Scientific classification
- Kingdom: Plantae
- Clade: Tracheophytes
- Clade: Gymnospermae
- Division: Pinophyta
- Class: Pinopsida
- Order: Cupressales
- Family: Cupressaceae
- Genus: Juniperus
- Species: J. taxifolia
- Binomial name: Juniperus taxifolia Hook. & Arn.

= Juniperus taxifolia =

- Authority: Hook. & Arn.
- Conservation status: NT

Species of conifer

Juniperus taxifolia (Bonin Islands juniper; Japanese: シマムロ Shimamuro) is a species of juniper, endemic to the Bonin Islands southeast of Japan.

It is an evergreen coniferous shrub growing to a height of 1–3 m (rarely a small tree to 13 m tall). The leaves are needle-like, in whorls of three, light green, 7–14 mm long and 1-1.5 mm broad, with a double white stomatal band (split by a green midrib) on the inner surface.

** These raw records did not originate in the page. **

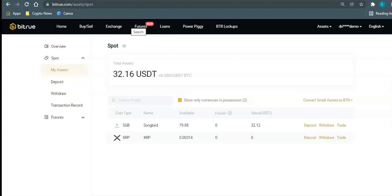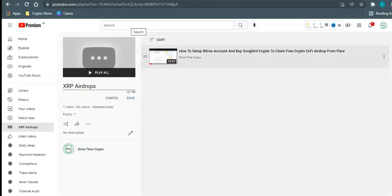Welcome back to another episode of Drive Time Crypto. In this episode I'm going to show you how you can download a Bifrost wallet onto your mobile device, send your Songbird over to your Bifrost wallet, and then stake the Songbird to earn a passive income while it's sat there waiting for the snapshot to happen for the X5 token. If you're not sure what I'm talking about, I covered this in my last episode — you can find it in my YouTube playlist, including how to set up a Bitrue account and buy Songbird crypto.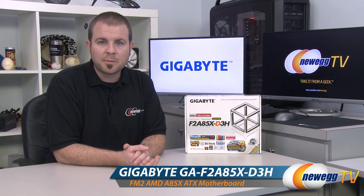Hi everyone and welcome to Newegg TV. My name is Paul and today I'm going to be doing an unboxing and overview of this new motherboard from Gigabyte. This is the Gigabyte F2A85X-D3H.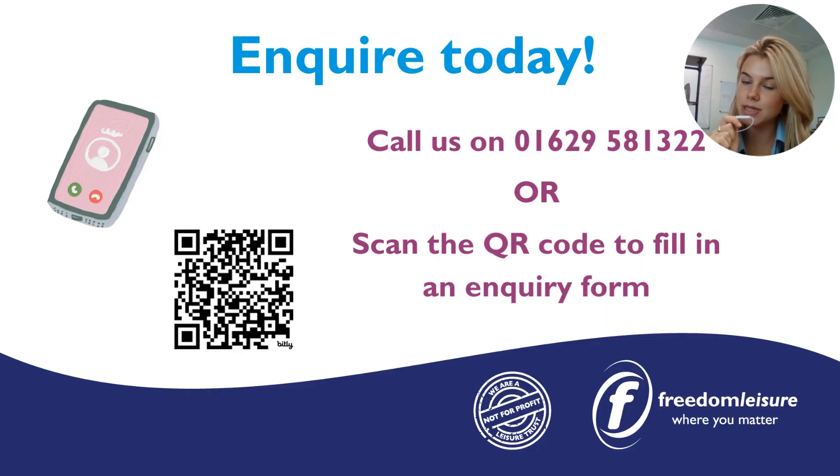To enquire today please call us on 01629 581 322 or scan our QR code. Bye bye!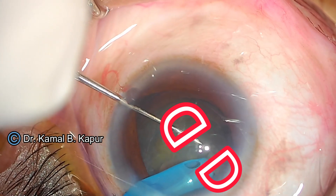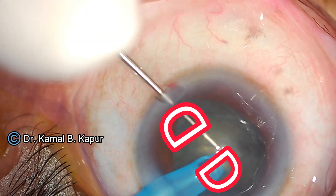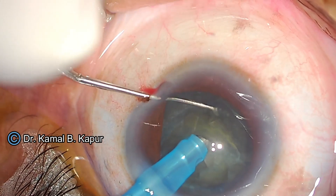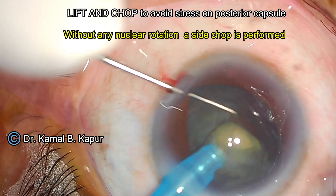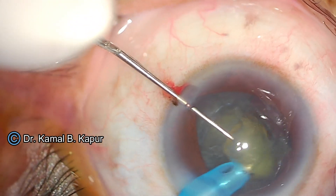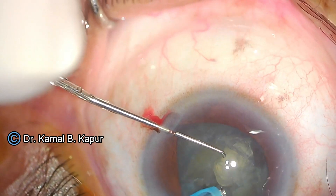We chop the cataract into two D segments. Again, we try as much as possible not to rotate the two D segments. You will notice that I rotated the phaco tip at one angle and without rotation of the nucleus segment, I did a side chop and removed one part of the D segment very, very slowly and carefully.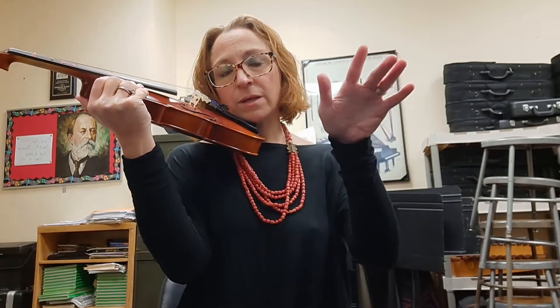Your right hand is normally for your bow — even if you're left-handed, this is the way you play violin. You don't want to have any sword fights once you start playing with other people, and in an orchestra it makes it look nice and even.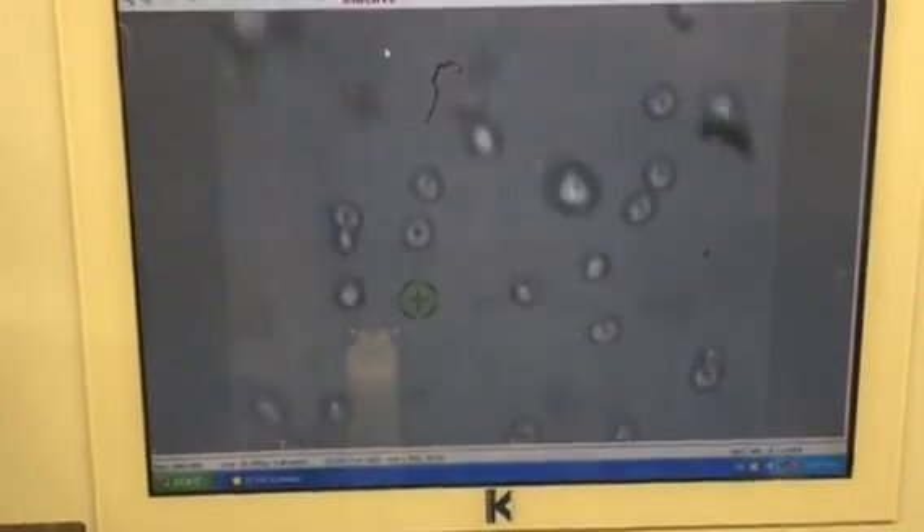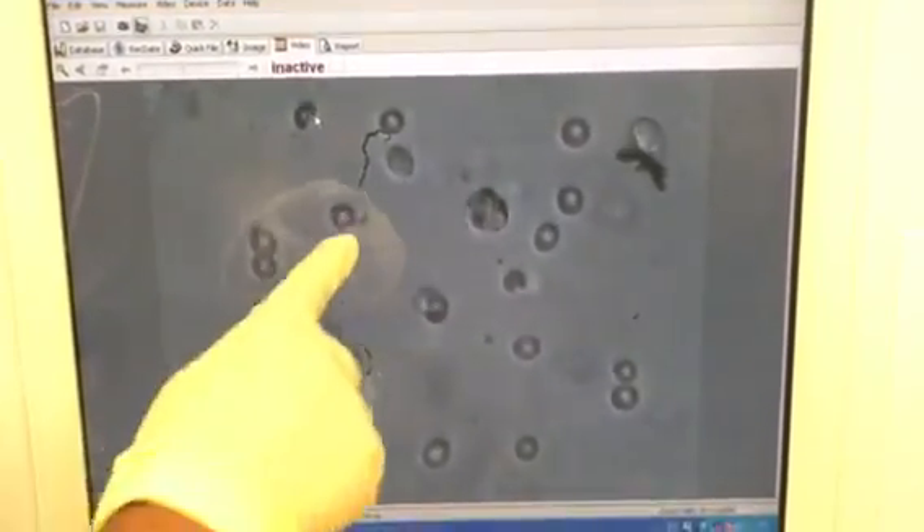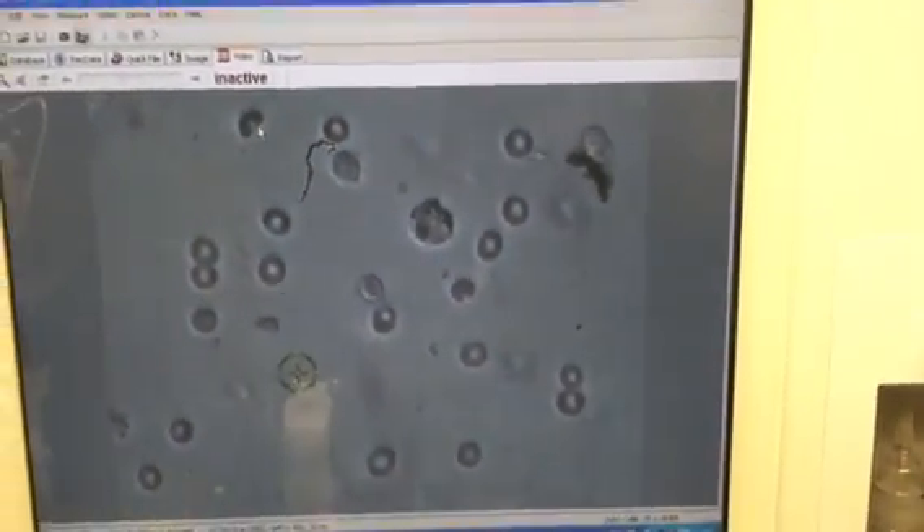No luck yet — wow, there is a motile sperm right here! Please record this, this is a good catch. You have a primary round spermatid, you have elongated large round spermatids, and you have a spermatozoa — mature and good quality.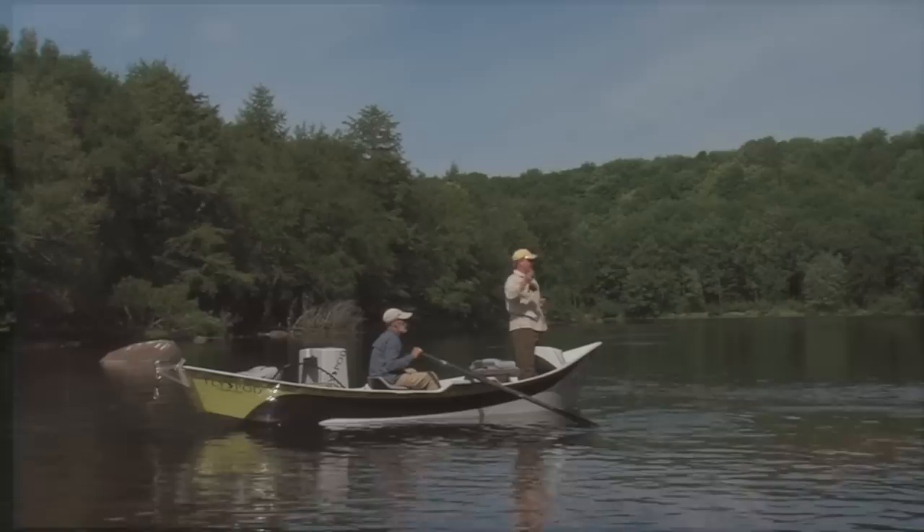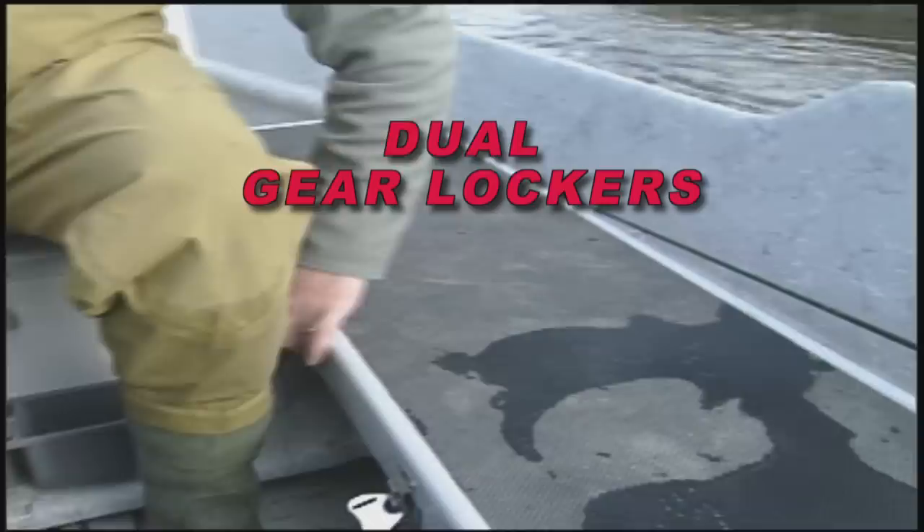Kelly Gallup's Clackacraft Flypod, our newest fly fishing model, has maximum gear storage and a unique stem to stern walk-through design. Walk right straight forward, always flat footed.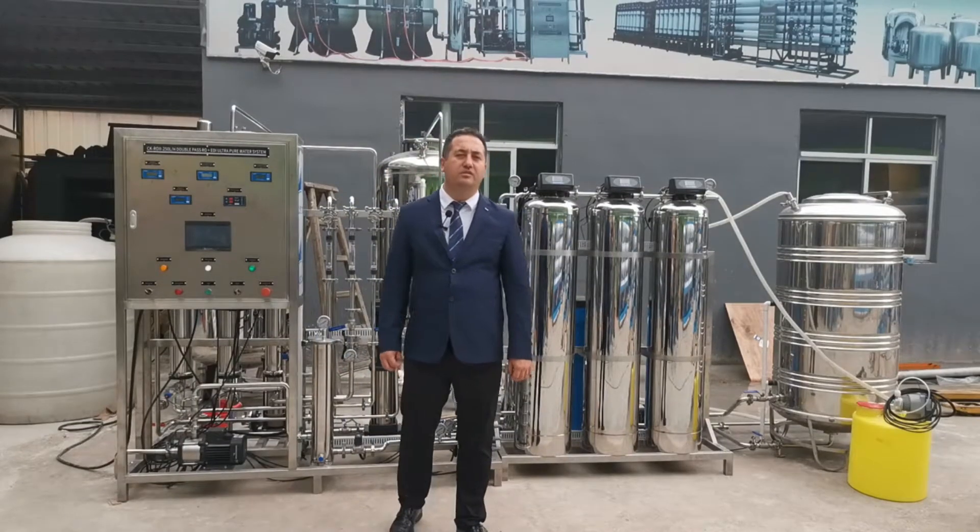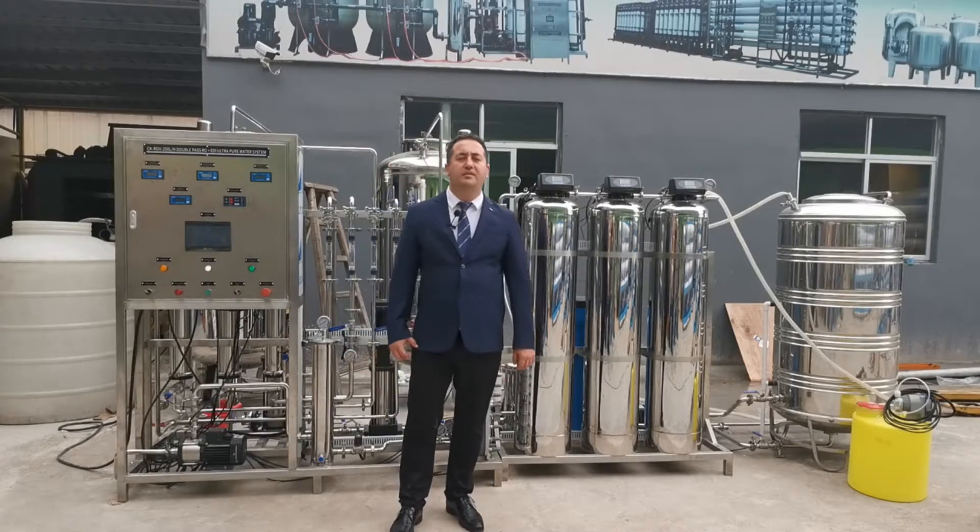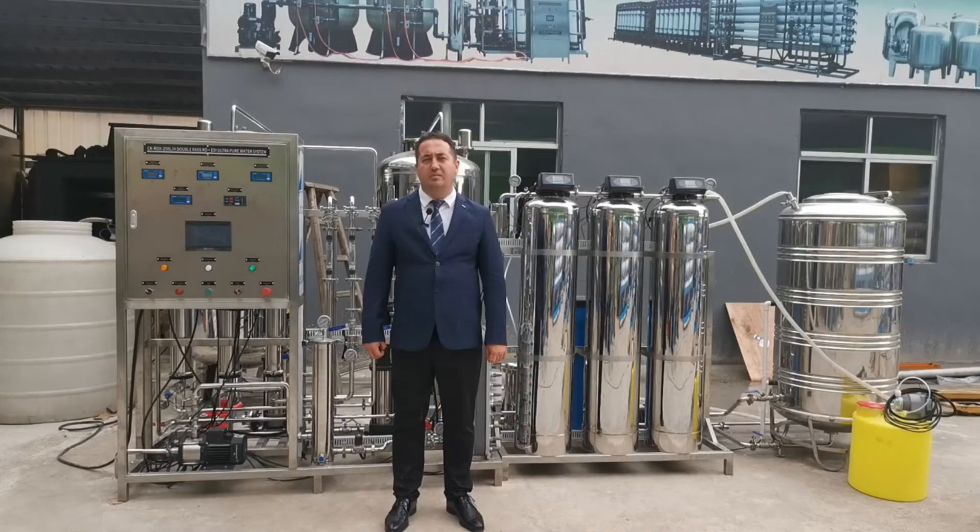Hello, today I will introduce to you a 250 liter per hour double pass reverse osmosis plus EDI system.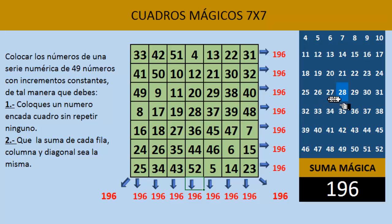Esa es la magicidad de un cuadro mágico: todas las diagonales y las columnas nos da el número mágico, que es en este caso 196. Recuerden, es el número que está en el centro de la serie multiplicado por 7. Podemos usar cualquier serie numérica. Este cuadro mágico 7x7 es un super cuadro mágico, porque además de tener la suma mágica en cada una de sus filas, en cada una de sus columnas y también en sus diagonales, presenta otras características de suma mágica.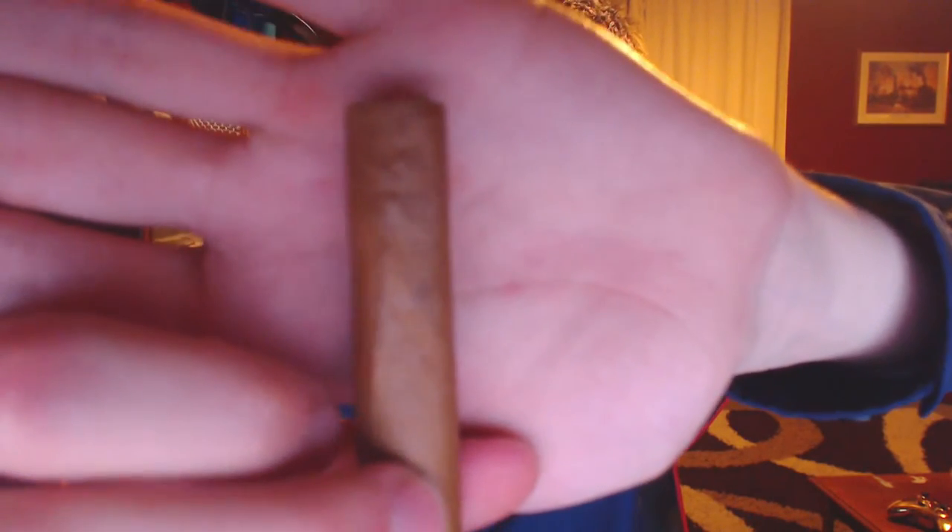This might be hard to show, but there are actually little stress marks where the band was. The wrapper looks pretty good overall — some veins, can't really feel much, quite a good outer wrapper. But it's what's inside that we need to worry about. There is so much air just flowing right through — almost no resistance at all.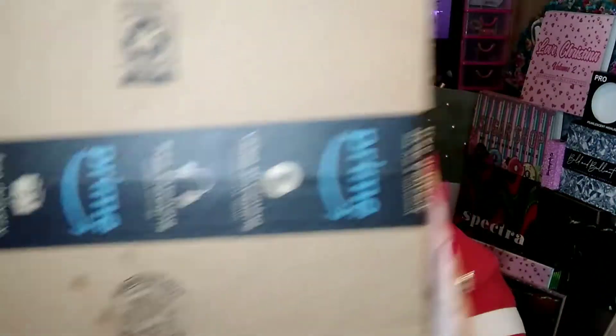Her name is DD. She sent me a pretty good size box — this package weighed three pounds and 10.4 ounces. I'm really excited to see what's in here. She is just an amazing person and a really good friend. She is a huge supporter — she watches every single one of my videos and always leaves me really sweet and genuine comments in my comment section.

It is dioecious, with separate male and female plants. The seed cones are berry-like, green ripening in 18 months to reddish-brown with a variable light waxy coating; they are spherical, 8–10 mm diameter, and have six or nine fused scales in two or three whorls of three; the three larger scales each with a single seed. The seeds are dispersed when birds eat the cones, digesting the fleshy scales and passing the hard seeds in their droppings. The pollen cones are yellow, 5 mm long.

Some authors include Juniperus lutchuensis from the Ryukyu Islands in J. taxifolia as a synonym, or variety, while others treat it as a distinct species as it has a distinct DNA profile.

Its conservation status, previously given as Data Deficient, is now listed as Vulnerable.